- Born: May or Marjory Hectorson 1825 Unst
- Died: 2 June 1894 (aged 68–69) Baltasound
- Occupation: Crofter

= May Moar =

UK lifeboat rescuer (1825–1894)

May Moar or Marjory Moar born May Hectorson (1825 – 2 June 1894) was a British crofter in the Shetland Isles who was awarded an RNLI silver medal for rescuing fishermen off the island of Yell.

==Life==
Moar was born in Unst in 1825. She was one of six children born to Williamina Anderson and Laurence Hectorson. Her father was drowned the following year. She was fostered by another family and she went to live on the nearby island of Yell. She married a fisherman named David Moar in 1847.

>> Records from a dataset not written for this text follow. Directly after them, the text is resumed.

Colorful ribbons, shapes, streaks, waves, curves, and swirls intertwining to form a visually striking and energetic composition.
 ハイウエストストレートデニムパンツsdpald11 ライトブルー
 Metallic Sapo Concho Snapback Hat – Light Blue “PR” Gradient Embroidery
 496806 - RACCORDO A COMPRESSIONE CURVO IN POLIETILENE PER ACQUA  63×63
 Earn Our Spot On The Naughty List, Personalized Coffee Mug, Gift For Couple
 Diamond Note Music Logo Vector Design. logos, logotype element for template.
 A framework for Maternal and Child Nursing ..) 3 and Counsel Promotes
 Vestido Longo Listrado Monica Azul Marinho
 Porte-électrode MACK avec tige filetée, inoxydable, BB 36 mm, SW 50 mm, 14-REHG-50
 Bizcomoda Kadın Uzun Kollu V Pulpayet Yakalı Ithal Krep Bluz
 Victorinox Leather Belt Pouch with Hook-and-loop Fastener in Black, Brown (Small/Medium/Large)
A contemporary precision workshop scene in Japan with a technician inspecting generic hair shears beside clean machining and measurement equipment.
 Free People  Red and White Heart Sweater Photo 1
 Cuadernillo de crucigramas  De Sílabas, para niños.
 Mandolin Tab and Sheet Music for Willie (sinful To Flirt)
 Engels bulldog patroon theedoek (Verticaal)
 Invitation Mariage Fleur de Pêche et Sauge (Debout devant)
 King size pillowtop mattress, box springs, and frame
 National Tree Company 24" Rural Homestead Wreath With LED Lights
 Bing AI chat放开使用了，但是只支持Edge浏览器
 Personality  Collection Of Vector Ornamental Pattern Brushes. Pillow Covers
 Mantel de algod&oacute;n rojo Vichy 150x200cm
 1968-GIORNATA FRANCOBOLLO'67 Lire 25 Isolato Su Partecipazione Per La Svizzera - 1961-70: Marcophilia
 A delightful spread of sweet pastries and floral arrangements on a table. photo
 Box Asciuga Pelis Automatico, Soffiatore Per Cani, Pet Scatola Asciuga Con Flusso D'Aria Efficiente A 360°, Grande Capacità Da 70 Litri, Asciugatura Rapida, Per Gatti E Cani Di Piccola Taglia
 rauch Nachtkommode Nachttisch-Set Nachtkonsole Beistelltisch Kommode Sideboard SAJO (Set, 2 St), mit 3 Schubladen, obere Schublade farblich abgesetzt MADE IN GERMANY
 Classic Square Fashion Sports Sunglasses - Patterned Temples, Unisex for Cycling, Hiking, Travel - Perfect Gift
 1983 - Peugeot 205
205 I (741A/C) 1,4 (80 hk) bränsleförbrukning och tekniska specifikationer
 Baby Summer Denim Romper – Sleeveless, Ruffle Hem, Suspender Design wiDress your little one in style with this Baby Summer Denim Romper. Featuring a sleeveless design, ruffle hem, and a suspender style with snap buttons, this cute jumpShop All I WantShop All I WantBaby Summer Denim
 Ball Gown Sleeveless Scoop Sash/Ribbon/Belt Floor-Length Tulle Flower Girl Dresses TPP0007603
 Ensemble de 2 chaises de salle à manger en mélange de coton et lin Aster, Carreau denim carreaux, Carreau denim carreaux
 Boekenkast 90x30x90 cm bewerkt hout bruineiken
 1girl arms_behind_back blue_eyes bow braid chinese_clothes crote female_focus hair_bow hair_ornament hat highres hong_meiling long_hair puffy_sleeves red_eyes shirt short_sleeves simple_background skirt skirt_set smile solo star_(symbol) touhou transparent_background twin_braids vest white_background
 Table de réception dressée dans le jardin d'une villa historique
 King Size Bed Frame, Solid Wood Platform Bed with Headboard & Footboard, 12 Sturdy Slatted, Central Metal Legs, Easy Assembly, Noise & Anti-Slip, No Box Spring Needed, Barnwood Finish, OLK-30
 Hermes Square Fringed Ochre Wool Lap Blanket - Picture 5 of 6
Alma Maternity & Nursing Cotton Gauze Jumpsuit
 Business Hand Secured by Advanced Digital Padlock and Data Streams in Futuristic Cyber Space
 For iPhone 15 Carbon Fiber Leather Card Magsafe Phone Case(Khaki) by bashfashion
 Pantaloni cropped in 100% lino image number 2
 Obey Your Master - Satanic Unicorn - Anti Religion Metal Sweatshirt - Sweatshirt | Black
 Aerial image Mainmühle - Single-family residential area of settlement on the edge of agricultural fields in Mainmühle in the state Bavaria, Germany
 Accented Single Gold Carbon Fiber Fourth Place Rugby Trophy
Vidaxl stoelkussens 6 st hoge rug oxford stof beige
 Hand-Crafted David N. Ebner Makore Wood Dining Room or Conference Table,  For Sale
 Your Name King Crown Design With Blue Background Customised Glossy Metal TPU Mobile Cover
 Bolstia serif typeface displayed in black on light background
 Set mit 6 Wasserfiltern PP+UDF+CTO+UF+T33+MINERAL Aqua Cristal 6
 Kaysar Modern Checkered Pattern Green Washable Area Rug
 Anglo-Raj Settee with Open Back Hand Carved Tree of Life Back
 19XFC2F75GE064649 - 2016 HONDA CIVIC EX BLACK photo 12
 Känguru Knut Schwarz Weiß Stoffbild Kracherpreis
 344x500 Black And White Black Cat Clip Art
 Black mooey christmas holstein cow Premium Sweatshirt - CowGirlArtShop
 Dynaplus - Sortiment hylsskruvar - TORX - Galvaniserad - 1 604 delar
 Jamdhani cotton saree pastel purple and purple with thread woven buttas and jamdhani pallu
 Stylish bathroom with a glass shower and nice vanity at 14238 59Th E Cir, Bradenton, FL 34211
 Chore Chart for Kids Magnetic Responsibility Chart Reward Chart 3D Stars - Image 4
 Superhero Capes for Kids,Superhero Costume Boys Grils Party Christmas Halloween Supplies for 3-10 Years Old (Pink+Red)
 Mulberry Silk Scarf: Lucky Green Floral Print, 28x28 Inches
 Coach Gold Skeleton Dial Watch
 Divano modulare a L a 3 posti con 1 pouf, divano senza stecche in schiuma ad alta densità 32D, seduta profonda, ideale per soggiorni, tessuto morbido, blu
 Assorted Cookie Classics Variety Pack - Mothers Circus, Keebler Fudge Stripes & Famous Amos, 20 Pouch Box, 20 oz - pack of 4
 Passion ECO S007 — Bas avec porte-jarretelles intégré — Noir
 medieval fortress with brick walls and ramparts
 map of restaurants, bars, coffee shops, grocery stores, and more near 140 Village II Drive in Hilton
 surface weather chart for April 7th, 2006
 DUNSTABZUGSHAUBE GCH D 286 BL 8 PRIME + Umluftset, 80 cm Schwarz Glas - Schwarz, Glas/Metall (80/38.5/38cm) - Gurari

She came to notice when she, her husband and a group of others saw a four oared boat that had overturned. She was lowered over the edge of a precipice on a rope so that she could make a rescue. She balanced on a ledge and she was able to throw a lifebuoy to the crew. Once caught they were able to be pulled to the shore. Her husband saved others.

She was awarded a medal by the Royal Humane Society and a silver medal by the Royal National Lifeboat Institution.

Her heroism did not prevent her and her family from being evicted from their home of Yell during the clearances. Disaster struck her again when her husband drowned with 57 others in the Gloup Fishing Disaster. The disaster involved fisherman who were lost on 20 July 1867 at Gloup on the northern part of Yell. He was fishing in an open boat known as a sixareen when an unexpected storm from Iceland sank four of the boats. She returned as a widow to Unst.

Moar died in Baltasound in 1894. After her death her silver medal was found discarded in a dyke. It was retrieved and is now in Shetland Museum. Jessie Saxby who was a writer and suffragette from Unst wrote a short story about Moar called "Daughter of Sea Kings".